In today’s society, sending children to school can cause anxiety and fear among parents. To curb these fears and return to classifying schools as safe environments a conference was held to better secure our schools and children.
PENNSYLVANIA STATE | To find solutions to targeted violence in schools a school safety conference was held by several Pennsylvania agencies. The conference discussed school safety investments, mental health support, and building a stronger culture. The conference was open to first responders, law enforcement, school staff, and social health experts.
“Schools are safe spaces for learning, development, and socialization, so it is critical that we provide the resources and supports that our school communities need to keep students and teachers out of harm’s way,” said Acting Secretary of Education Eric Hagarty. “By prioritizing mental health services in conjunction with investments and prevention efforts, we can ensure that students are free to learn, grow, and thrive in a protected and secure environment.”
The Pennsylvania Governor’s Office of Homeland Security (GOHS), the Pennsylvania Department of Education (PDE), and the Pennsylvania State Police (PSP) were the state agencies involved in the conference. Keynote speaker of the conference, Eric Garner, gave his accounts of the February 14, 2018 school shooting and shared his experiences working in with the Miami-Dade County emergency response team.
This year, $8 million has been awarded to 303 local education agencies (LEAs) through Safe Schools Targeted grants. This funding is to be used to purchase equipment, conduct new programs, and hire new security and resource officers. These grants are aimed to promote an environment of safety and productivity while also enhancing anti-violence efforts in the school, community, and local government. These grants are offered by the PDE Office for Safe Schools under four categories – equipment grants of up to $25,000; program grants of up to $20,000; School Police Officer (SPO) grants of up to $40,000; and School Resource Officer (SRO) grants of up to $60,000.
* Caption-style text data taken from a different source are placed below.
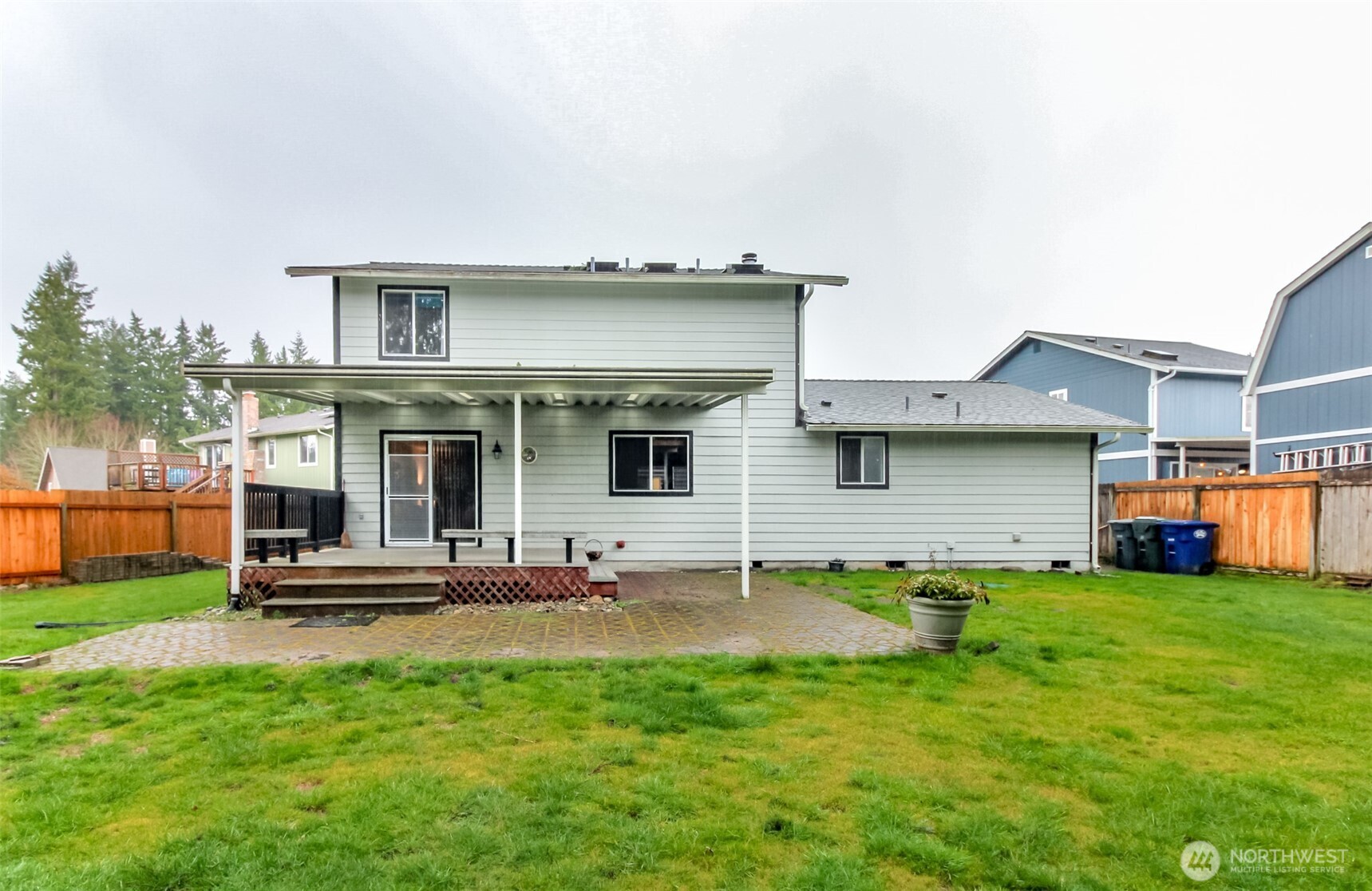 1807 157th Street Ct E, Tacoma, WA 98445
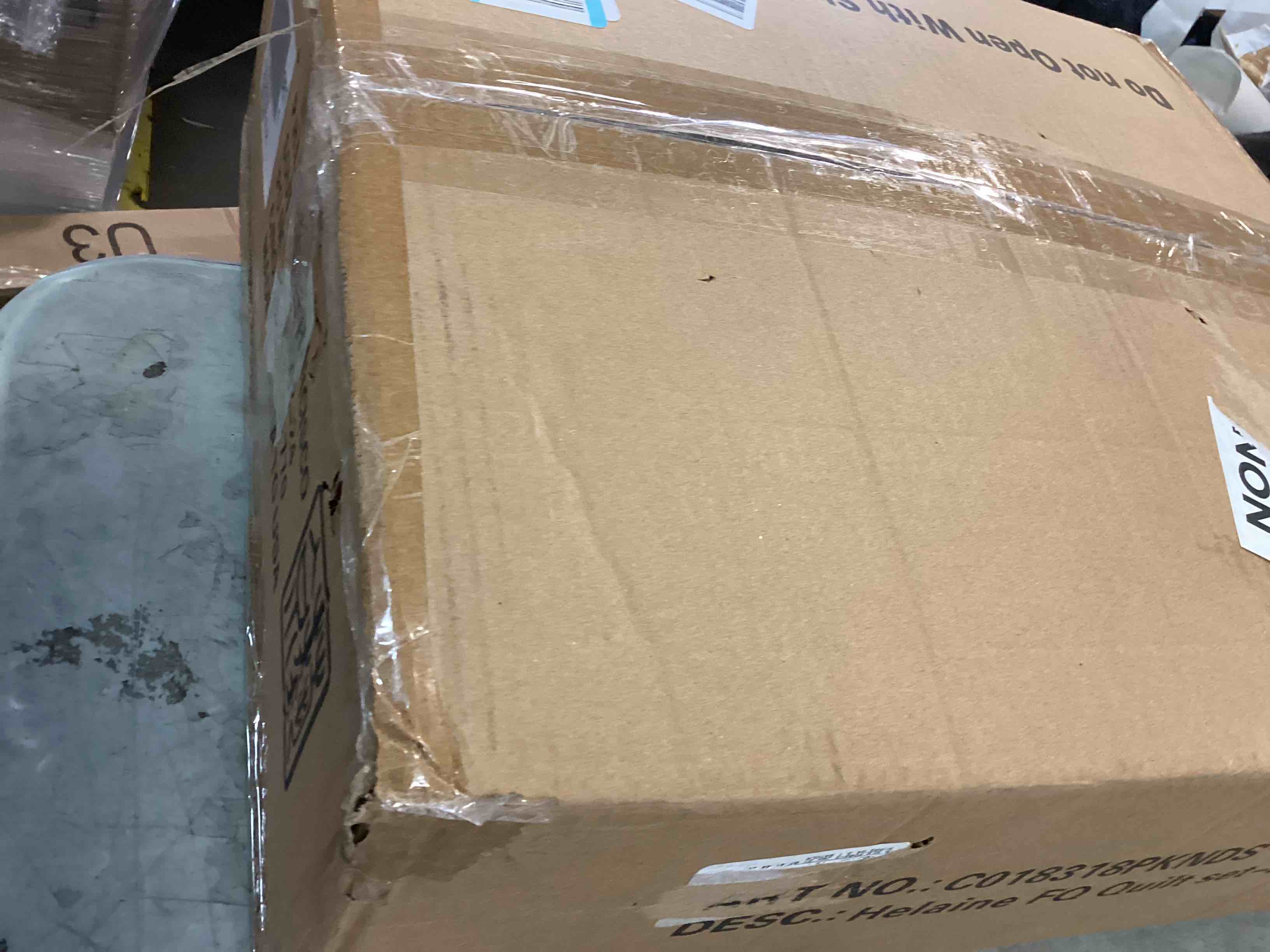 https://s3.amazonaws.com/lotting-images-prod/bidfta/PPE2476533_1746552725540.jpeg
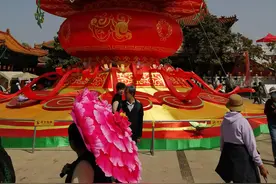 什么是高明？图片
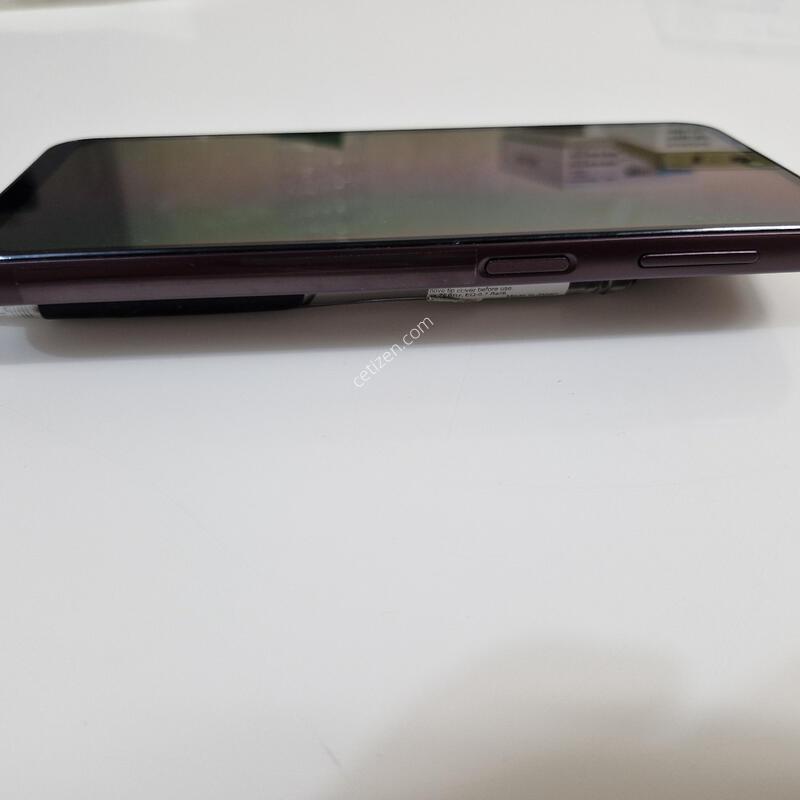 ���ܻ� A245��ũ����128�Ⱑ A��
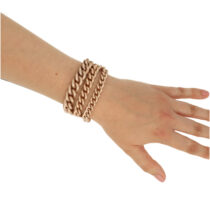 armband
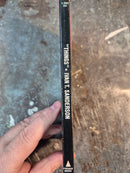 Things - Ivan T. Sanderson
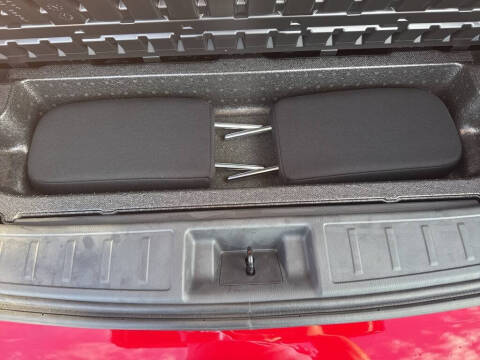 2025 Mitsubishi Outlander ES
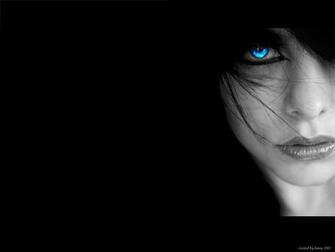 Full Danger Wallpaper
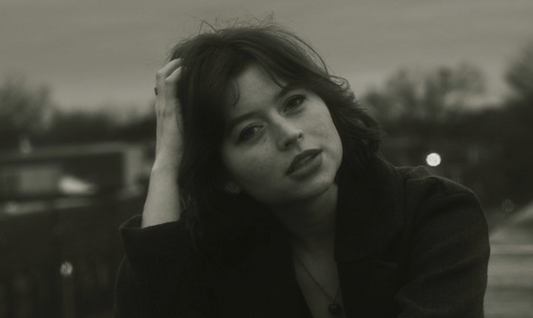 Josie Edwards - good girls (Review)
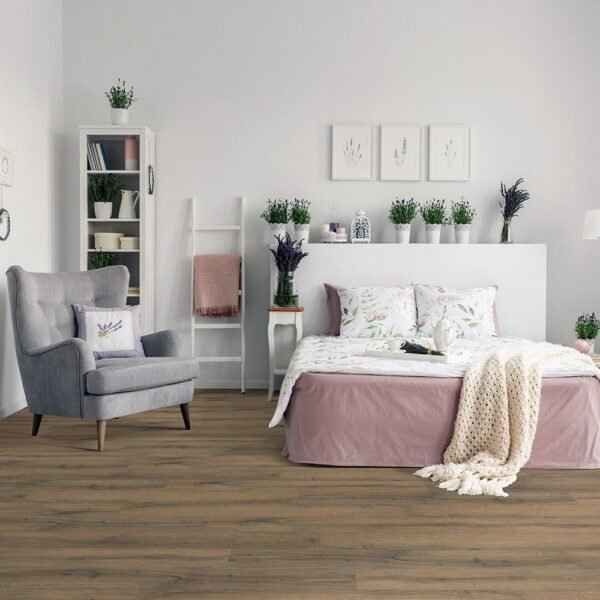 Beaulieu Laminate Laguna Okarito 7-15/32" x 50-23/32" - Image 2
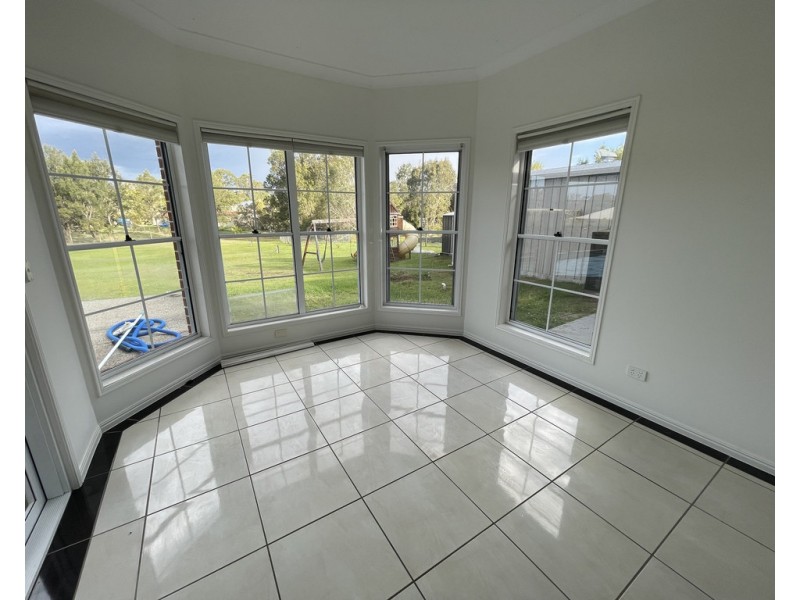 5-7 Sammor Road, Elimbah QLD 4516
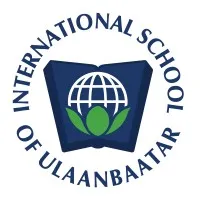 International School of Ulaanbaatar (ISU)
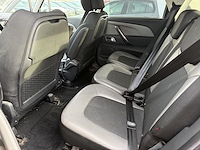 Citroen c4 spacetourer 1 s&s, 2018 - afbeelding 7 van  32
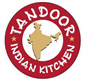 Tandoor Indian Kitchen in Portland, OR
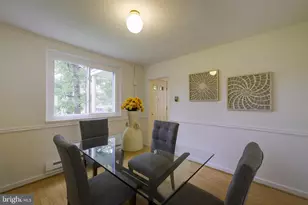 2 Gardenway, Greenbelt, MD 20770 - Photo 11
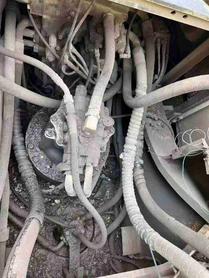Buy Sumitomo SH480-5 Used Excavator / 3 Buy Sumitomo SH480-5 Used Excavator / 3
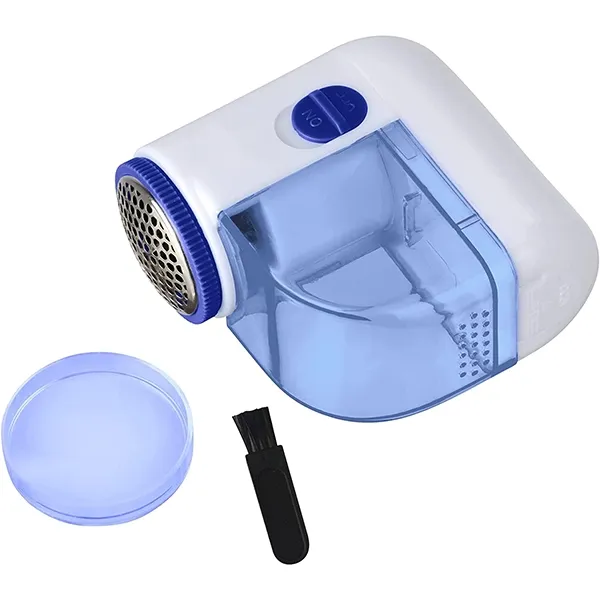 Wenko Wool Shaver product thumbnail 4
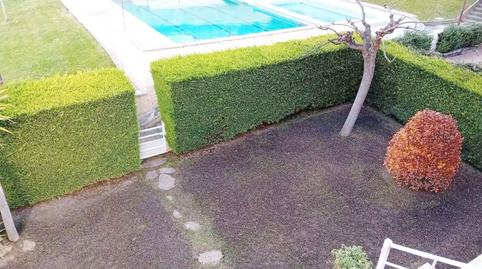 Foto 3 de Casa o chalet en venta en Viana, Navarra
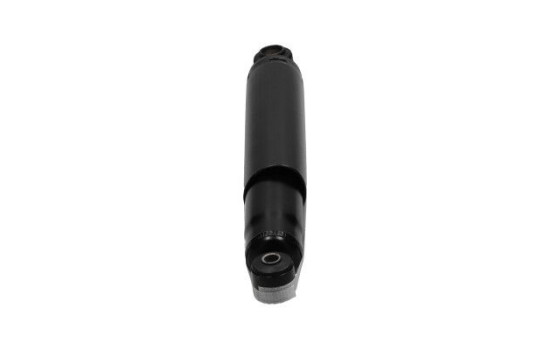 Amortisseur SSA-10644 Kavo parts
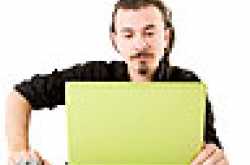 HOW TO MAKE MONEY ONLINE WITHOUT INVESTMENT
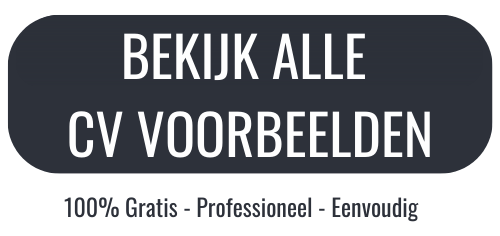 bekijk-alle-cv-voorbeelden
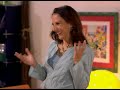 aquí no hay quién viva: 1x05   érase un niño  parte 3/6 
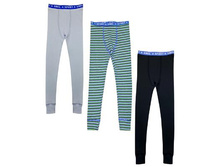 10363*6 �������� ��� ���������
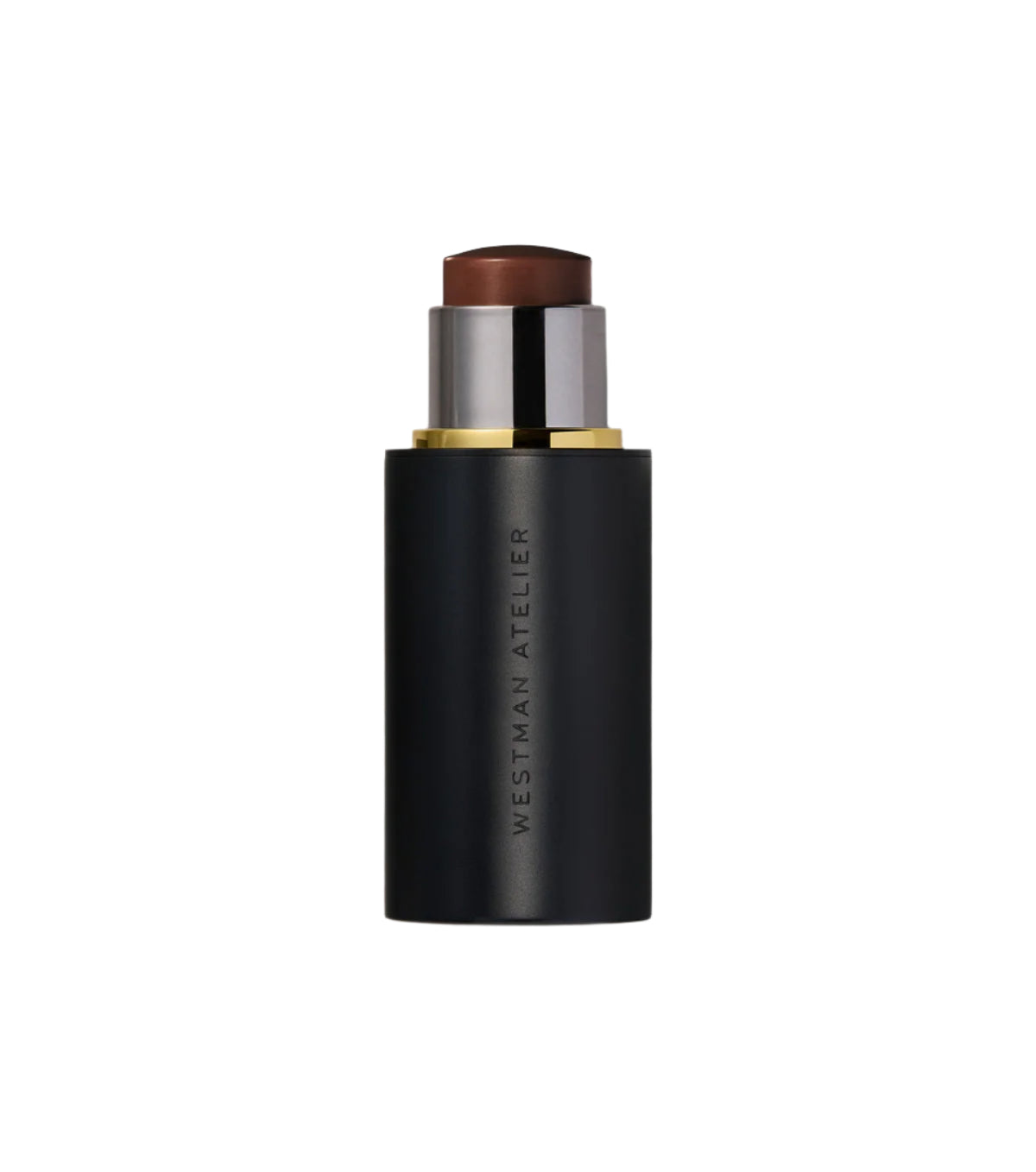 Face Trace Contour Stick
“Our federal, state, and local law enforcement and educators work tirelessly every day to communicate and educate the public on the prevention and protection of our school-aged children,” said Acting Homeland Security Director Kristin Daniels. “This conference brought together experts in their field, such as the FBI on their threat assessment and threat management work throughout Pennsylvania, PSP’s Heritage Affairs Section on hate crimes in the state, PSP’s Risk and Vulnerability Assessment Team on assessing physical security for school facilities, and the U.S. Secret Service’s National Threat Assessment Center on averting targeted violence. Attendees were also provided with a very timely and poignant presentation from the Capital Area Intermediate Unit on building communities of belonging, care, concern, and commitment.”